NOx and HOx production by energetic electrons and impacts on polar stratospheric ozone (NOHO)

Lead Research Organisation: NERC British Antarctic Survey
Department Name: Science Programmes

Abstract

Predicting future climate change is intimately linked to understanding what is happening to the climate system in the present, and in the recent past. Studies in the Polar Regions provide vital clues in our understanding of global climate, and early indications of changes arising from the coupling of natural processes, such as variability in the amount of energy from the Sun reaching the Earth, and man-made factors. For example, the polar winter provides the extreme cold, dark conditions in the atmosphere which, combined with chemicals released from man-made chlorofluorocarbon (CFC) gases, has led to destruction of the stratospheric ozone layer 18-25 km above the ground every spring-time since the 1980's. The Southern hemisphere ozone 'hole' is now linked to observed changes in surface temperature and sea-ice across Antarctica, decreased uptake of carbon dioxide by the Southern Ocean, and perturbations to the atmospheric circulation that can affect weather patterns as far away as the Northern hemisphere.
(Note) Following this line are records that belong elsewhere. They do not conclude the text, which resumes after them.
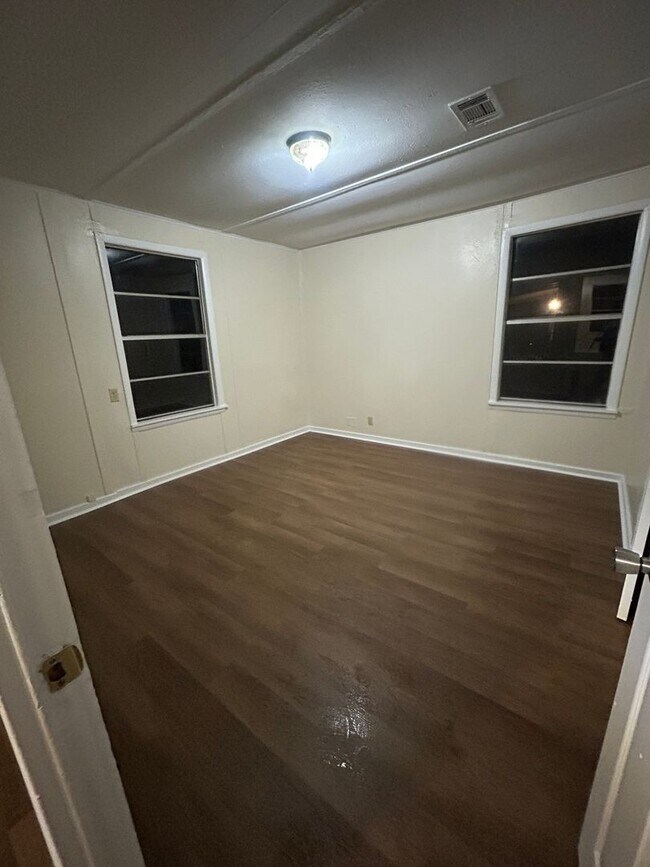 Photo - 167 Pike Ave
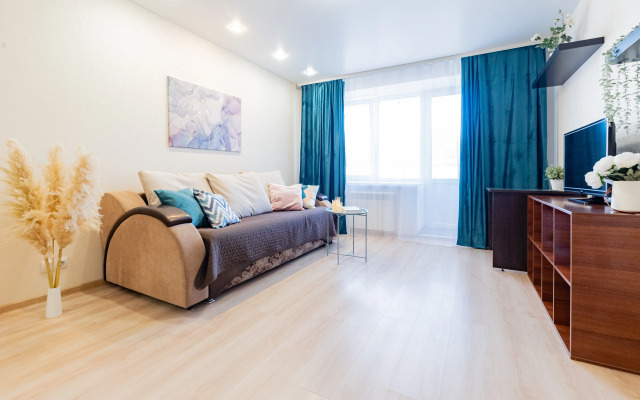 Апартаменты Петровский на Набережной Озера 22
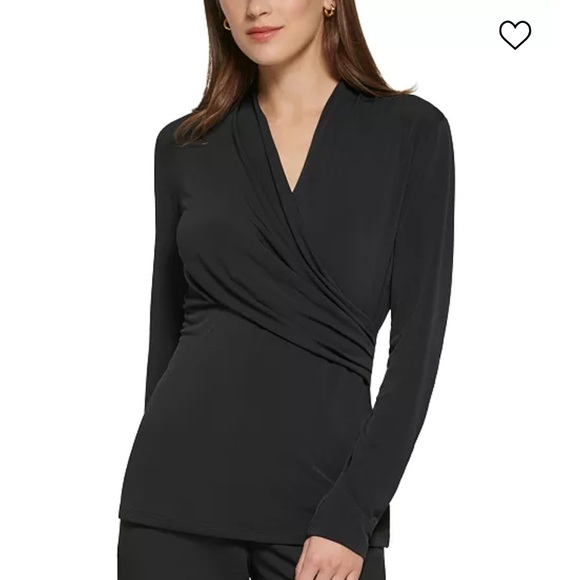 DKNY top ⭐️ - Picture 1 of 6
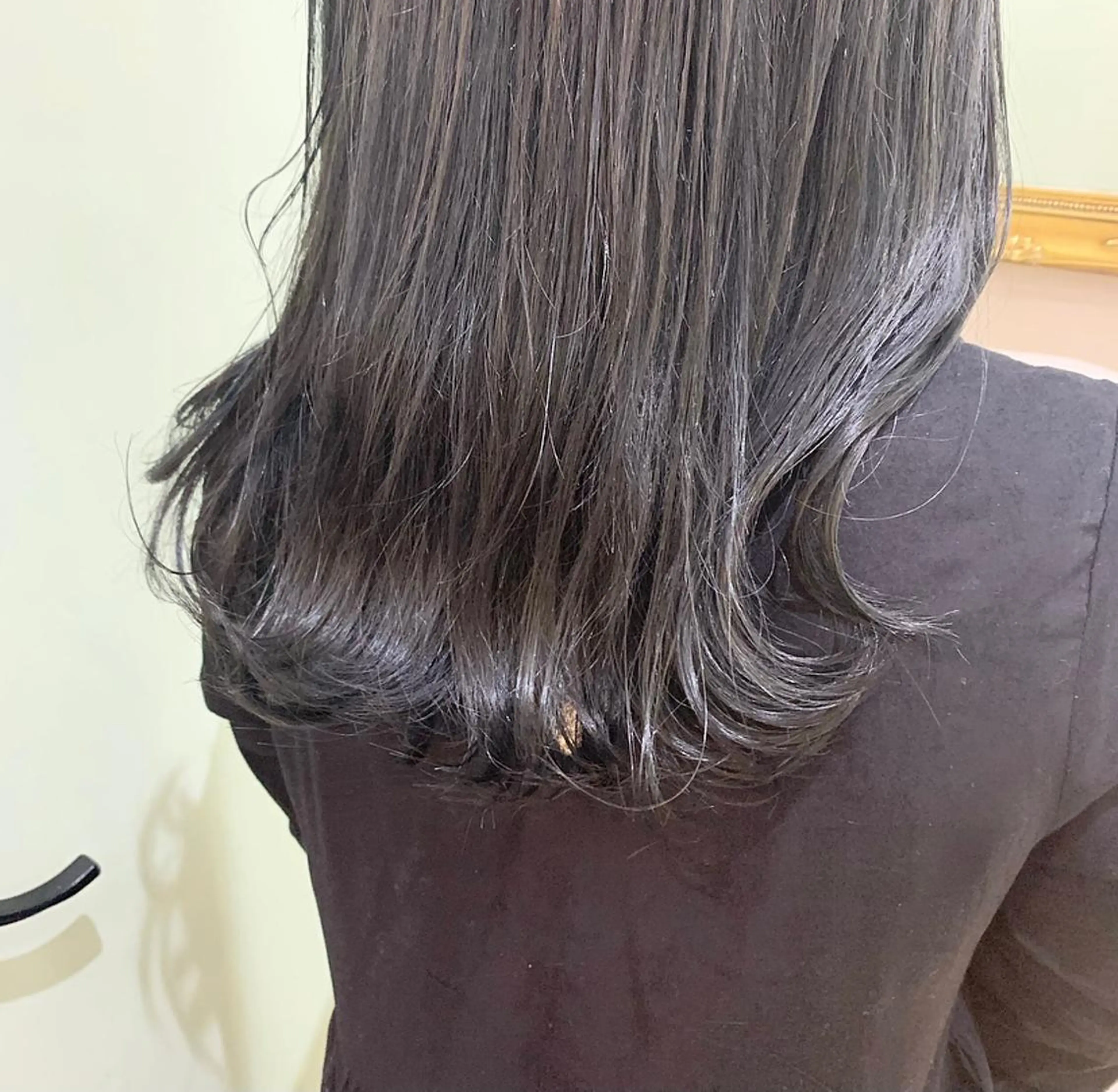 ミディアム カット ヘアカラー トリートメント 小顔カット/韓国 カラー🌙shikiのヘアスタイル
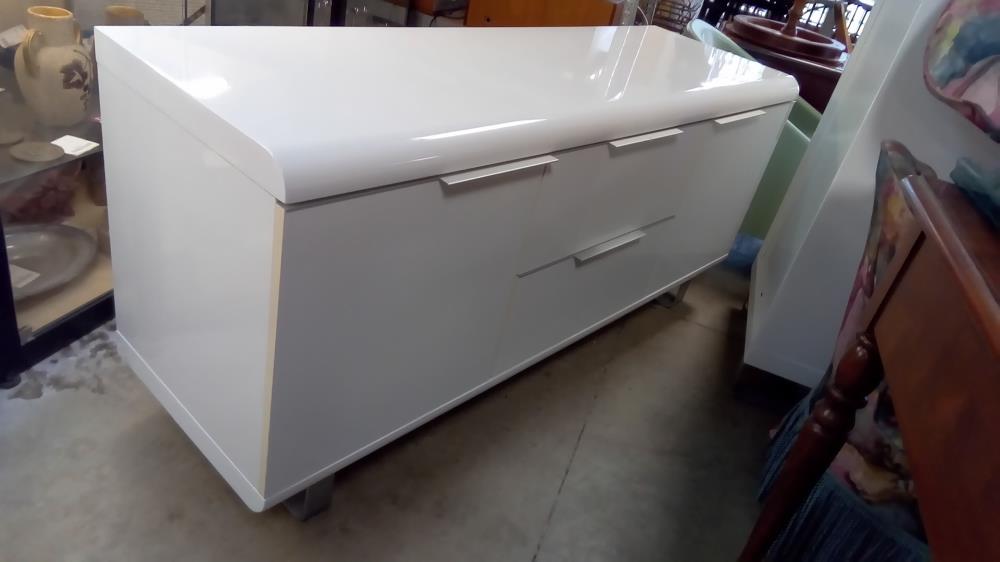 MEUBLE TV LAQUÉ BLANC 4 TIROIRS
Recovery of the ozone layer is expected now that CFC's are banned by international protocols, but this may be delayed by other greenhouse gases we are releasing into the atmosphere and natural processes including changes in the Sun's output. Although the total amount of energy as sunlight changes by a small amount (~0.1%) over the typical 11-year solar cycle, the energetic electrons and protons streaming from the Sun changes dramatically on timescales from hours to years. These particles are guided by the Earth's magnetic field and can enter the upper atmosphere, most intensely over the Polar Regions. A visible effect is the aurora, but the particles can also significantly modify the chemistry of the atmosphere down to the stratospheric ozone layer. Powerful solar storms can also damage satellites and disrupt electrical power networks. However the mechanisms by which energetic electrons generated by the Sun enter the Earth's atmosphere, and the complex, interacting processes that affect stratospheric ozone are not well understood, which limits our ability to accurately predict future ozone changes and impacts on climate.

We propose answering major unresolved questions about the impact of energetic electrons on stratospheric ozone by making observations of the middle atmosphere from Halley station in Antarctica. This location is directly under the main region where energetic electrons enter the atmosphere, making it ideal to observe the resulting effects. We will install a state-of-the-art microwave radiometer there alongside other equipment run by BAS scientists. By analysing the microwaves naturally emitted by the atmosphere high above us we can work out how much ozone there is 30-90 km above the ground as well as measuring chemicals produced in the atmosphere by energetic electrons that affect ozone. We will make observations throughout two complete Antarctic years/winters (1/2013-2/2015) and interpret them with the help of data from spacecraft that orbit the Earth and measure the energetic electrons entering the atmosphere. We will use the Antarctic observations and develop computer-based models to better understand the impact of energetic electrons on the atmosphere. The ultimate goal is to further understanding of the processes that lead to climate variability in the Polar Regions and globally - highly relevant for UK environmental science and collaborative research at an international level in which BAS and Leeds play a key role.

Planned Impact

This research will have impact in several areas:

It will have educational benefits to the wider public who will acquire a better understanding of climate change because the proposal addresses natural variability due to solar processes affecting the atmosphere against which longer term anthropogenic trends need to be detected. The effect of solar variability on climate is an issue of public interest, as indicated by its frequent appearance on the BBC News website. The subject has fuelled poorly-informed debate on anthropogenic versus natural climate change and it is important for the scientific community to produce sound observational evidence upon which arguments can be based and the relative significance of solar versus anthropogenic influence on climate can be firmly quantified.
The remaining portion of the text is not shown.